This, we think, is an accurate summary of the assistance that Medlin provided Katsaros. Aaacon contends that Medlin was actually involved in the transportation of over 200 cars to Katsaros' business, but the only evidence of this involvement is a list of all the cars that Katsaros moved from Florida to Sacramento in 1975, and only fourteen cars on that list of over 200 were shipped during January and February of 1975, when Medlin was conducting driver screenings. Moreover, we do not know how many cars on the list were purchased in Miami; some were bought in Tampa and Orlando.
Likewise, no evidence fairly supports Aaacon's claim that Medlin helped Katsaros move cars to places other than Sacramento. Although Aaacon has produced several advertisements from the Miami Herald that bear Katsaros' telephone number and that seek drivers bound for Kansas City, St. Louis, and the Midwest, these were run in April, May and June of 1975, several months after Medlin concluded his interviewing for Katsaros.

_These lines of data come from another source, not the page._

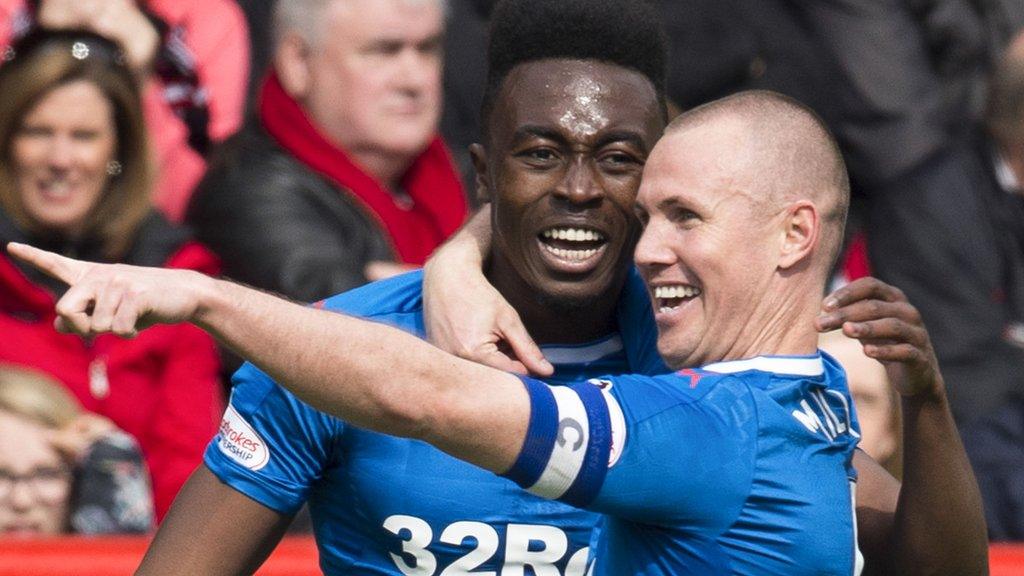 Rangers striker Kenny Miller celebrates a goal with Joe Dodoo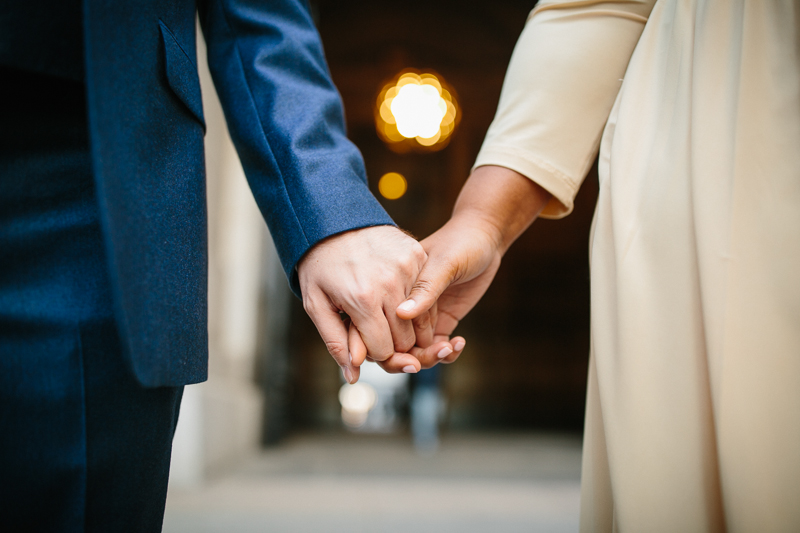 Couple holds hands outside of City Hall Philadelphia after their unique elopement wedding ceremony.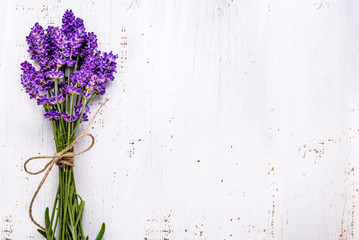 Fresh flowers of lavender bouquet, top view on white wooden background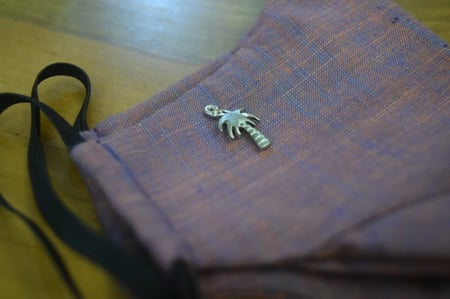 اضافة اكسسوار معدني للكمامة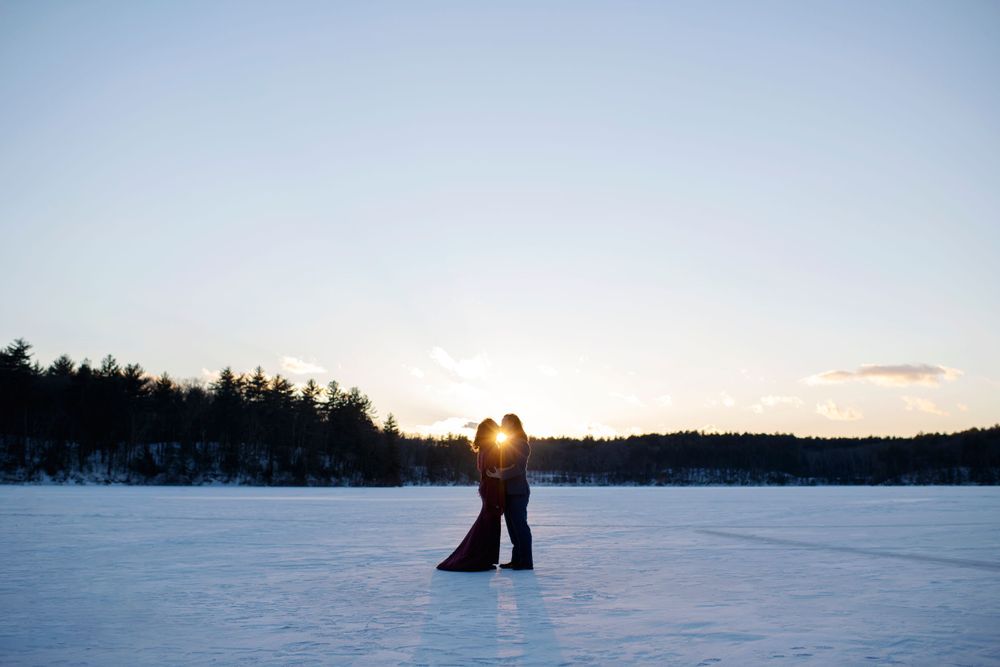Silhouette of an engaged couple embracing at sunset on a frozen lake during a winter engagement session at Walden Pond in Massachusetts
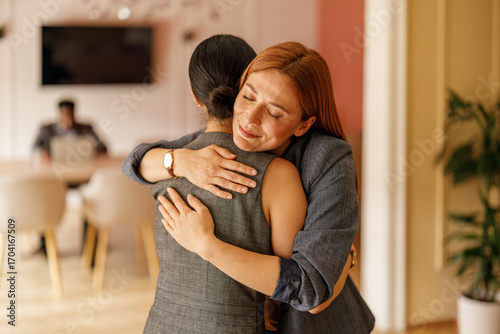 Female manager embracing coworker offering motivation and strong team connection in corporate office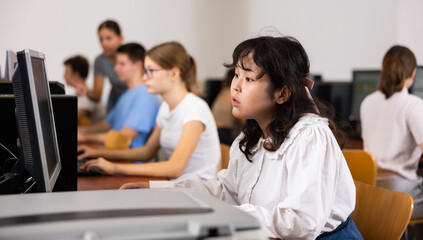 Asian girl using computer during computer sciene lesson in school.
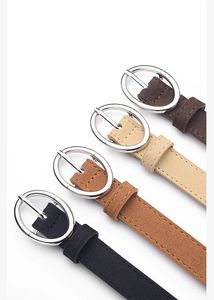 Detail of four matte suede PU belts for women with silver oval pin buckles in neutral tones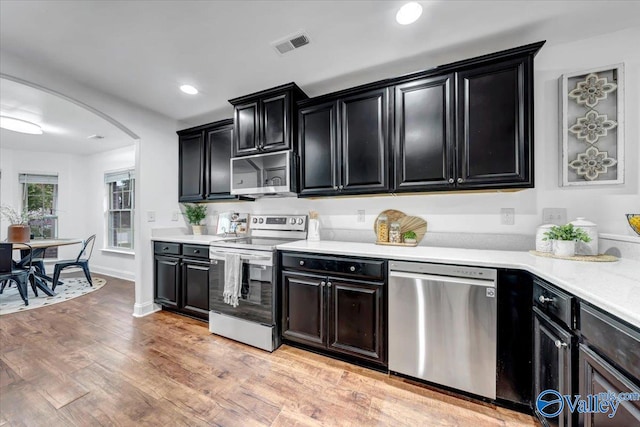 kitchen featuring light wood-type flooring and stainless steel appliances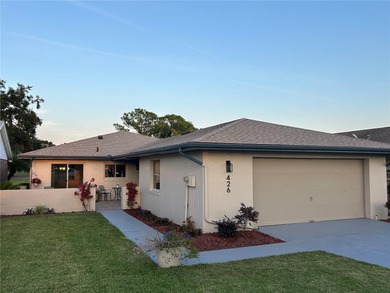 Located on a cul-de-sac, this 2 bedroom home overlooks a on Cypresswood Golf and Country Club in Florida - for sale on GolfHomes.com, golf home, golf lot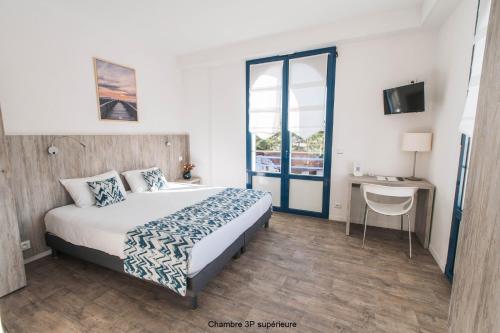 a hotel room with a bed and a desk and window at Hotel Mercedes in Hossegor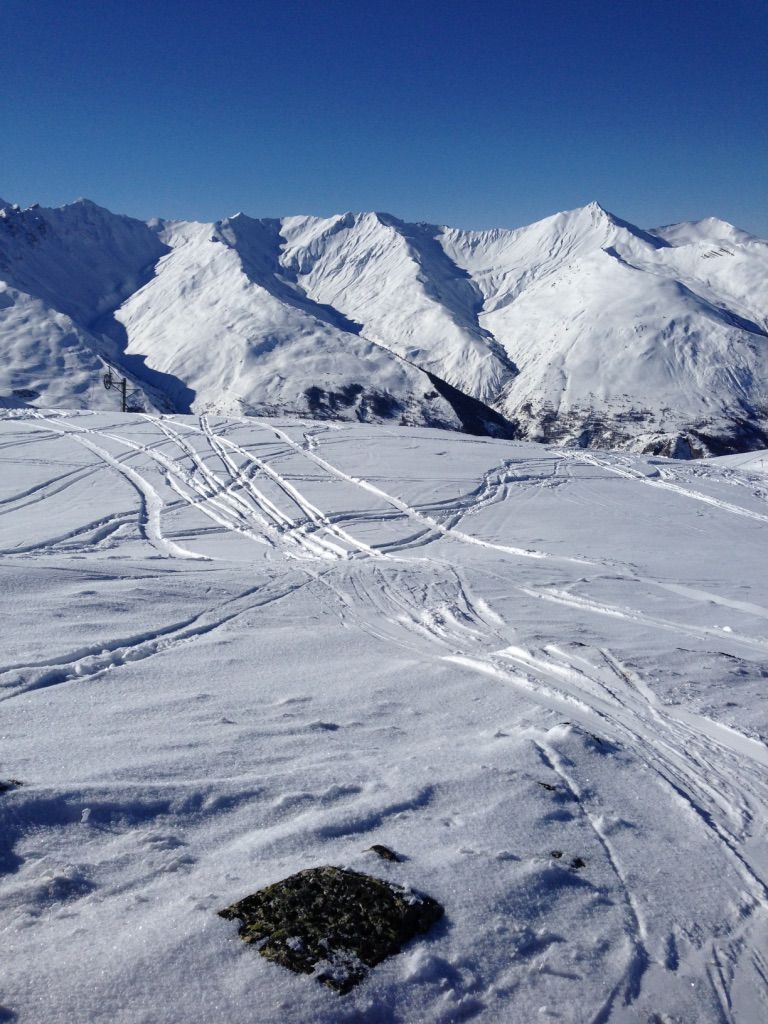Een berglandschap bedekt met sneeuw, met zichtbare ski-sporen.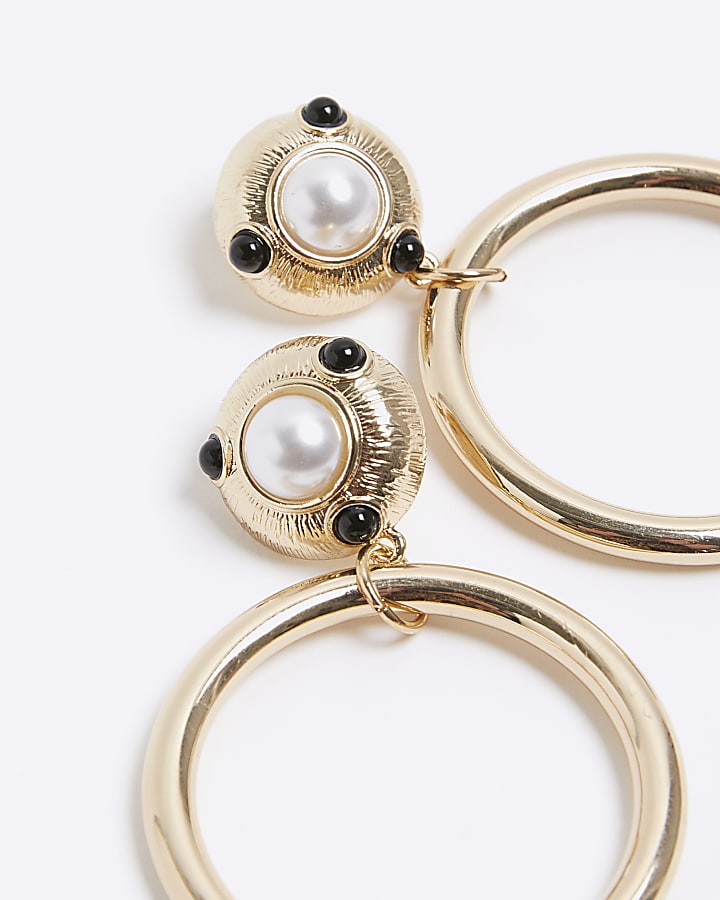 Gold open circle drop earrings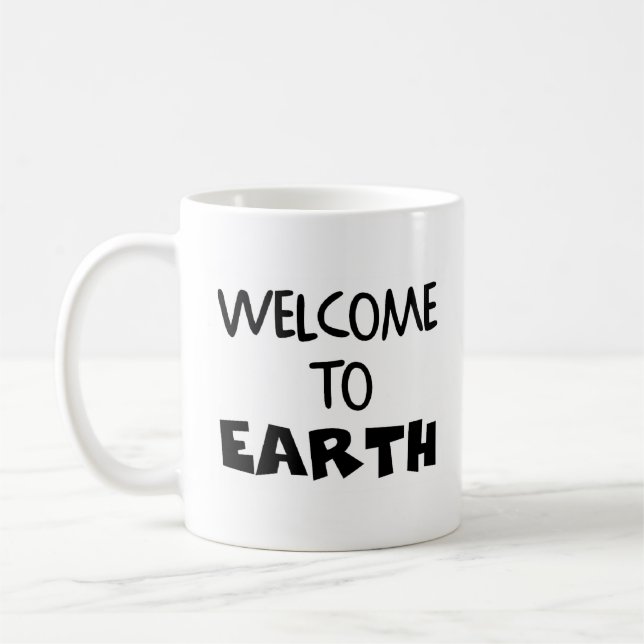 welcome to earth coffee mug (Left)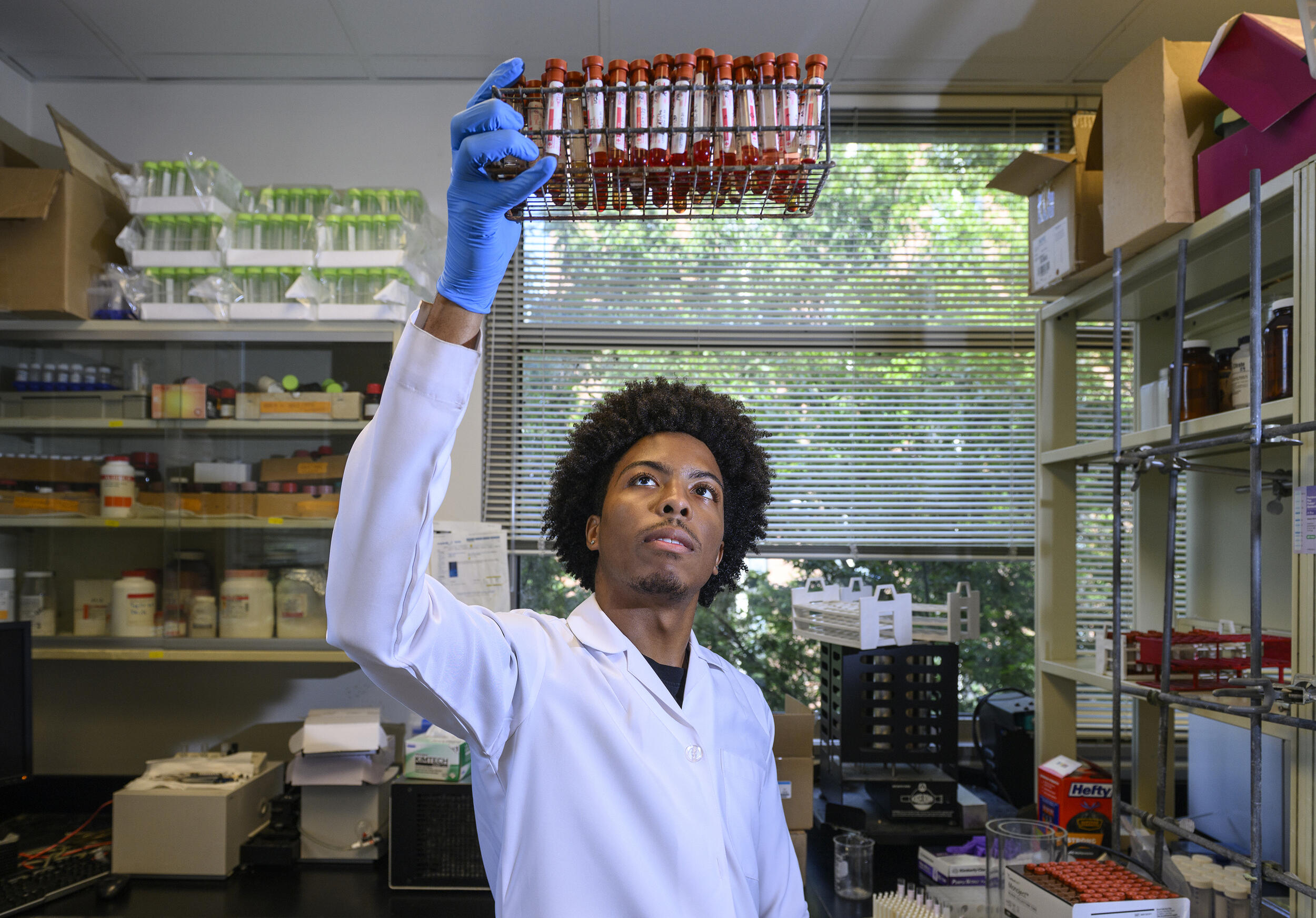 A photo of a man holding a white lab coat and blue gloves holding vials of blood up in the air while he observes them. 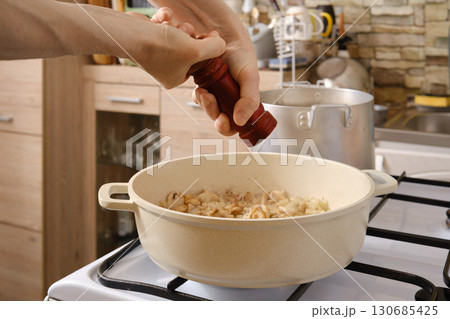 Cooking noodles with mushrooms in a cozy kitchen during the afternoon Cooking noodles with mushrooms in a cozy kitchen during the afternoon 130685425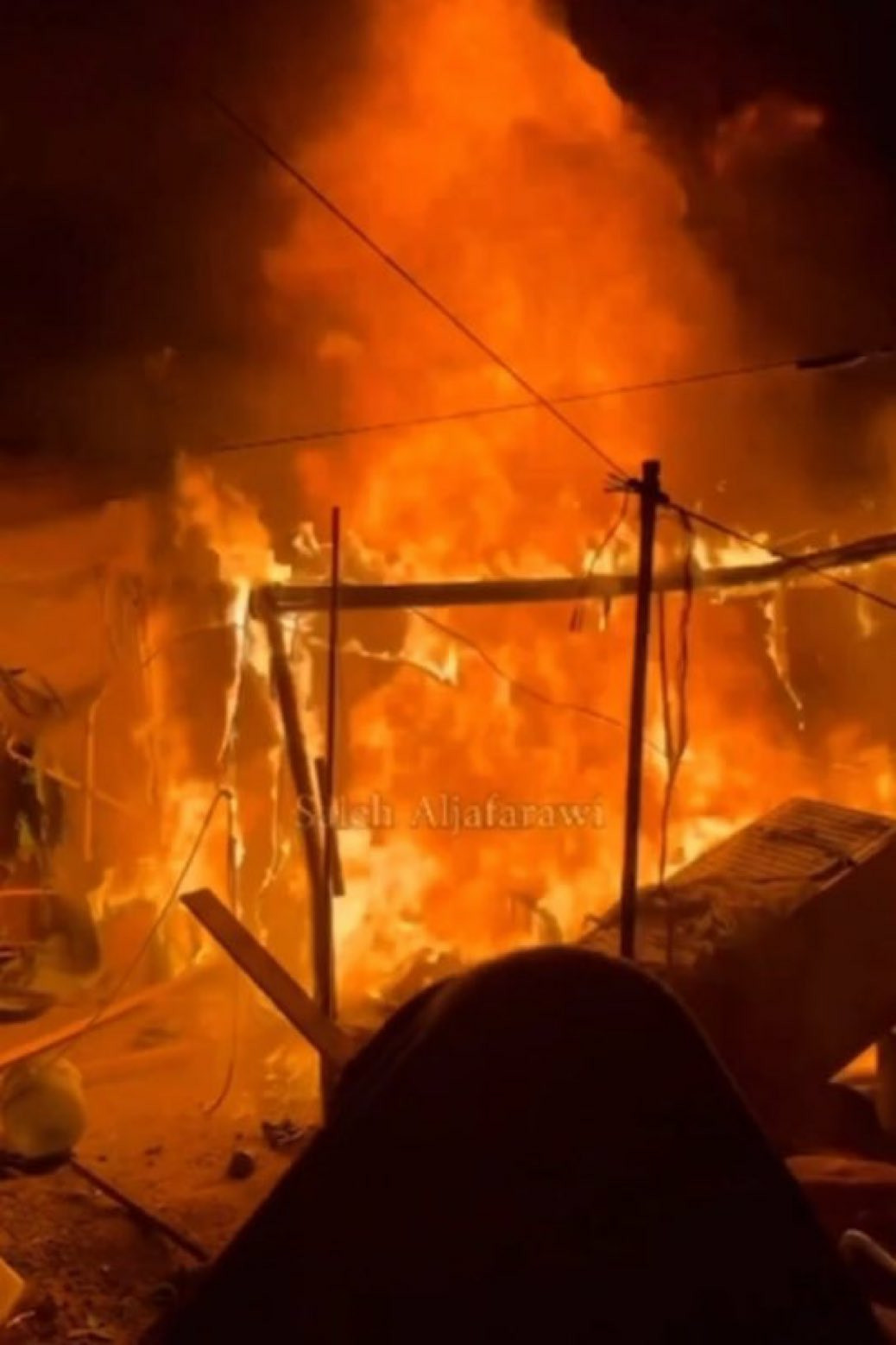 The frame of a tent in a refugee camp in Northern Gaza, engulfed in flames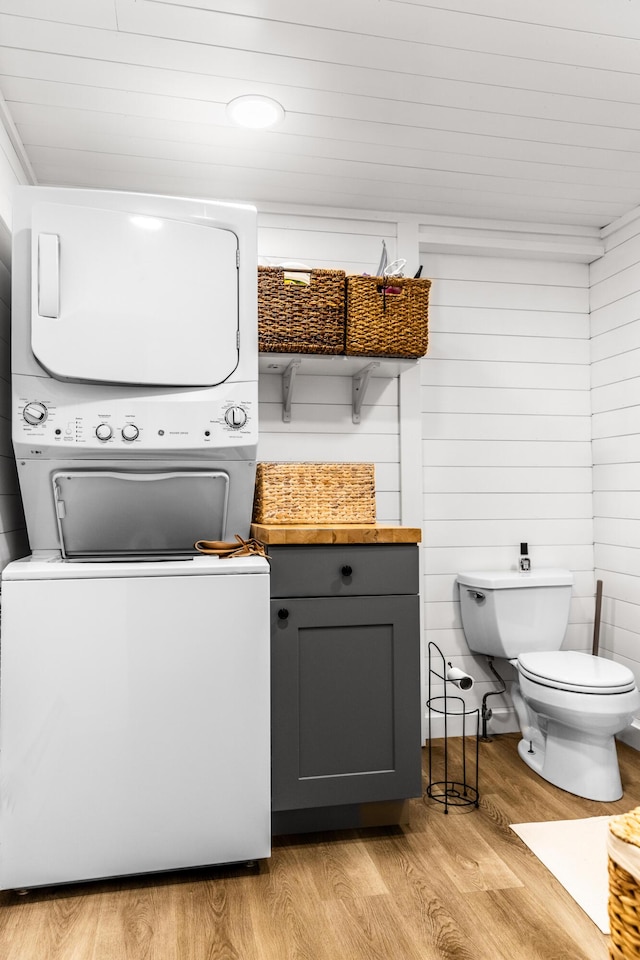 laundry area with laundry area, light wood-style floors, and stacked washer / drying machine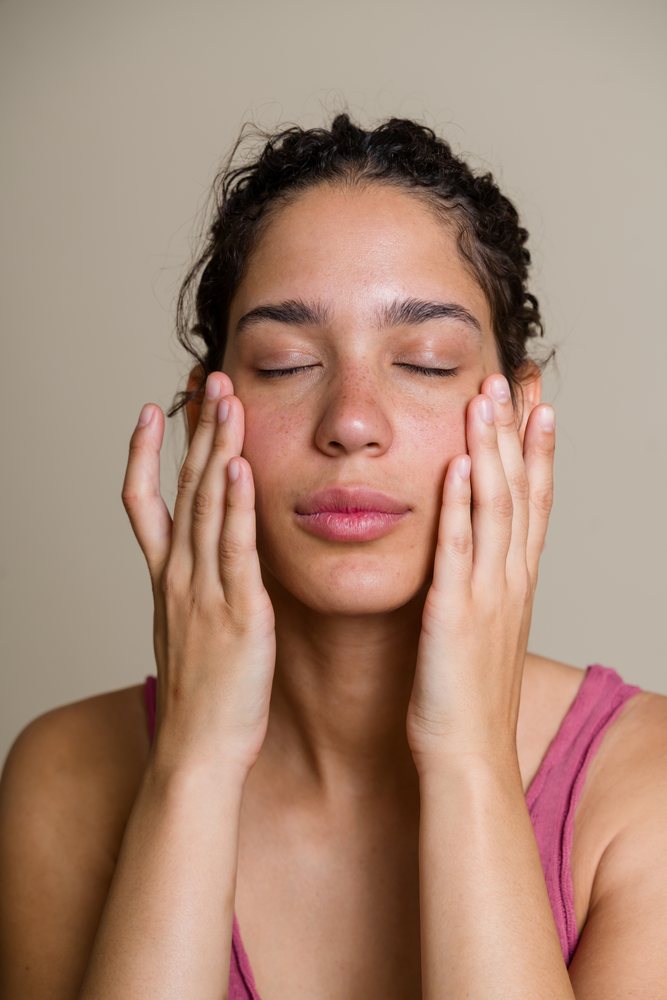 Woman with natural skin gently touching her face with eyes closed in a neutral setting during a beauty shoot, Spain.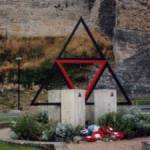Memorial Sculpture to the 3rd British Infantry Division in front of Caen Castle, July 2004 (60th Anniversary). It reads 'To the memory of the men of the 3rd British Infantry Division one of the assault divisions landed on D-Day 6 June 1944 and liberated Caen 9 July 1944'.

A final bit of unsupportive evidence is that the advertisement admittedly placed by Medlin on Katsaros' behalf solicited drivers bound for Washington state and Oregon as well as for California. The explanation seems obvious: Medlin and Katsaros were interested in talking with drivers who wanted to go at least as far as Sacramento, leaving them to find other means of transportation to their final destinations.
If we were to focus narrowly on the services that Medlin performed for Katsaros, we might agree that Aaacon has shown a clear and patent violation. In the earlier mentioned Studna case, the district court upheld the Commission's determination that the car dealer had to get a certificate in order to transport in interstate commerce cars belonging to other dealers. Moreover, a certificate was required in ICC v. AAA Con Drivers Exchange, Inc., 340 F.2d 820 (2d Cir.) (affirming ICC ruling, cert. denied, 381 U.S. 911, 85 S.Ct. 1533, 14 L.Ed.2d 433 (1965), in which case a business, the present plaintiff in fact, was held to have acted as a common carrier in offering to screen and obtain casual drivers for anyone desiring drive-away services. If, however, we view Medlin's activities in the context of Katsaros' business, a different picture emerges. Katsaros purchase many automobile in Miami each year. To ship these cars he continually advertises for casual drivers in the Miami Herald; he has even drawn up a form contract containing the terms of the agreement between himself and the persons selected to drive his cars. It is clear, then, that Katsaros is the one engaged in transporting cars from Miami to Sacramento, while Medlin merely provided temporary assistance to a continuing operation. The facts of this case thus differ greatly from those in Studna and AAA Con, which involved persons who solicited customers in the drive-away market, who initiated the transportation activities, who set the terms of the owner-driver relationship, and who actively made the necessary transportation arrangements. By contrast, Medlin simply acted as Katsaros' agent, assisting a transportation operation that amounted to nothing more than an automobile dealer's private carriage of his own cars, wholly analogous to the previously discussed transportation activities of King Dodge.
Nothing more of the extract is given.